I was recently struck (figuratively, of course) by an article written by Geneen Roth in O magazine, Women, Food, And God; which really hit home. Here's an excerpt:
"For a variety of reasons we don't fully understand (genetics, temperament, environment), those of us who are compulsive eaters choose food. Not because of its taste. Not because of its texture or its color. We want quantity, volume, bulk. We need it—a lot of it—to go unconscious. To wipe out what's going on. The unconsciousness is what's important, not the food...When you like something, you pay attention to it. When you like something—love something—you take time with it. You want to be present for every second of the rapture. But overeating does not lead to rapture: It leads to burping and farting and being so sick that you can't think of anything but how full you are. That's not love; that's suffering.
Diets are the result of your belief that you have to atone for being yourself to be worthy of existing. Until the belief is understood and questioned, no amount of weight loss will touch the part of you that is convinced it is damaged. It will make sense to you that hatred leads to love and that torture leads to peace because you will be operating on the conviction that you must starve or deprive or punish the badness out of you. You won't keep extra weight off, because being at your natural weight does not match your convictions about the way life unfolds. But once the belief and the subsequent decisions are questioned, diets and being uncomfortable in your body lose their seductive allure. Only kindness makes sense. Anything else is excruciating. You are not a mistake. You are not a problem to be solved."
And all I can think is, wow. This touches me to the core. And I know overeating isn't good for me, I know this. I've experienced it. And yet...I'm hungry for something, something I think food will give me. Probably because I associate so many good memories and feelings centered around food. Until I go back in time and conjure up those moments when I experienced a truly natural high, a happy so big I never forget:
Sitting alone in a hotel room in Heidelberg, Germany, looking out the open window watching pedestrians walk by below, passing the cathedral next door, and wondering if the bees buzzing in the geraniums in the flower box will come in the room to check me out?
Showering under an open window as a kid living in Florida, the birds carrying on in the trees one spring morning.
Sitting on a Florida beach, looking out over the ocean, listening to the waves being pulled up on the sand, scattering the pipers digging for sandfleas (the pipers, not me, though sandfleas are kinda cute looking crustaceans).

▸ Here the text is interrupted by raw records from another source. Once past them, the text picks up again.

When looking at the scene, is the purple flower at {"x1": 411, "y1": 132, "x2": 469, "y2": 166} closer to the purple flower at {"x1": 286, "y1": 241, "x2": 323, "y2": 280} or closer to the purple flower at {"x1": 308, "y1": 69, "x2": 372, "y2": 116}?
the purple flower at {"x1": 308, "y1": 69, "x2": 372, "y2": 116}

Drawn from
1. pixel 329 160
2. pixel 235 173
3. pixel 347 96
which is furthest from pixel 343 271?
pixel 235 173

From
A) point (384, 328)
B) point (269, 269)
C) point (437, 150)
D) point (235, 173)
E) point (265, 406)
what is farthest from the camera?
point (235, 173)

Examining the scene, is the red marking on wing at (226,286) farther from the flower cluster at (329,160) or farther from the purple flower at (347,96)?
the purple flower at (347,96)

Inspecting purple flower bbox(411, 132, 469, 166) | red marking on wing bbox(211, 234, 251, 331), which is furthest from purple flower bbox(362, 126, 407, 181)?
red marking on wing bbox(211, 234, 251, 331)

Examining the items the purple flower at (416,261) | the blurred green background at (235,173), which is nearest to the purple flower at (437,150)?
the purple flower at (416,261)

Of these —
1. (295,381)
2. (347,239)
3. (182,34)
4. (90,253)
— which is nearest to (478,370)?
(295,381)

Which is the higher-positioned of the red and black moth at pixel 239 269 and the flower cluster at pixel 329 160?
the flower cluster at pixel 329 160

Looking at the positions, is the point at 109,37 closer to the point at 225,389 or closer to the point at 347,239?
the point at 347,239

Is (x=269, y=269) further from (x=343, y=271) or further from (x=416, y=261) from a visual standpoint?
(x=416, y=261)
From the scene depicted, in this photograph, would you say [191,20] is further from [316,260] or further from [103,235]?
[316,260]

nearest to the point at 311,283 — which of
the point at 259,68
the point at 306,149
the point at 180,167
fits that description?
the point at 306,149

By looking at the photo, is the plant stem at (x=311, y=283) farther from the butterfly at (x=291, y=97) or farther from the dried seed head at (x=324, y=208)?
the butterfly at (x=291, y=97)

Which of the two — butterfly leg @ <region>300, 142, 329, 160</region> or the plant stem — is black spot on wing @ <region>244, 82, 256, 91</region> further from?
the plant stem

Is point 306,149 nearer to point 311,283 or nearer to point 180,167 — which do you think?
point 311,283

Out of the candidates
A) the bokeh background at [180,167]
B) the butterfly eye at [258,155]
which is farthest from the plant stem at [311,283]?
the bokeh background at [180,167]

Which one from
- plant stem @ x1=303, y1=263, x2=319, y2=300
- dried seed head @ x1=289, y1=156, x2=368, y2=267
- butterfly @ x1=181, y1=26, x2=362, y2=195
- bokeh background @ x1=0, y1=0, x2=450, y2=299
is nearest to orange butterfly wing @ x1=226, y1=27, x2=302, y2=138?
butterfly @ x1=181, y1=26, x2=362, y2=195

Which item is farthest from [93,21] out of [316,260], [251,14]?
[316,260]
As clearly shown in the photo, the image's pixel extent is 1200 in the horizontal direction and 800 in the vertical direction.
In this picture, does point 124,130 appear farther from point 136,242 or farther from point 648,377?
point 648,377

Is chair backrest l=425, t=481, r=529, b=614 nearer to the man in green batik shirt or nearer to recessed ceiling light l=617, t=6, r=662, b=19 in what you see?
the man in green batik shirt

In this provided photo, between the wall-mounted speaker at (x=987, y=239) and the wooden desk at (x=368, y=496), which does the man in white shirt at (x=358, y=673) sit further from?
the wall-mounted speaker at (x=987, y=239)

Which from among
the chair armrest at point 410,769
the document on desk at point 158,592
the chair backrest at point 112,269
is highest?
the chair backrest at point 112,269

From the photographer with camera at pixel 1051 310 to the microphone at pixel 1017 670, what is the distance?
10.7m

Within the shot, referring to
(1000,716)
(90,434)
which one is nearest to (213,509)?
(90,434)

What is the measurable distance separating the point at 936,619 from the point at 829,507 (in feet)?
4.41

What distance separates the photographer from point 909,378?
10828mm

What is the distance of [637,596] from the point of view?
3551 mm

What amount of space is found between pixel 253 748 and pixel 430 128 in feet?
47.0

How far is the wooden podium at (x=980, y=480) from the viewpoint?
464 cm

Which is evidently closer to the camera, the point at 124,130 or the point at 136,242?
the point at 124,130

Watching fellow travelers on a shuttle bus heading to the LAX airport after attending Byron Katie's nine-day School For The Work, feeling like my heart was going to burst open.
Waking up laughing, from a dream where Paul Lynde, Cher, and I were swapping jokes while standing in the yard of my house in Florida, when I was all of about ten.
Walking the block after a flight to Germany to visit family, relishing the fresh air and feeling my legs again after sitting for so long on a plane and the three hour drive from Frankfurt to our small Bavarian town.
NONE of those moments involved food or eating. And I am left to discover what it is I'm hungry for. Think I'll start with Geneen's book...so tell us folks; what is it you are hungry for?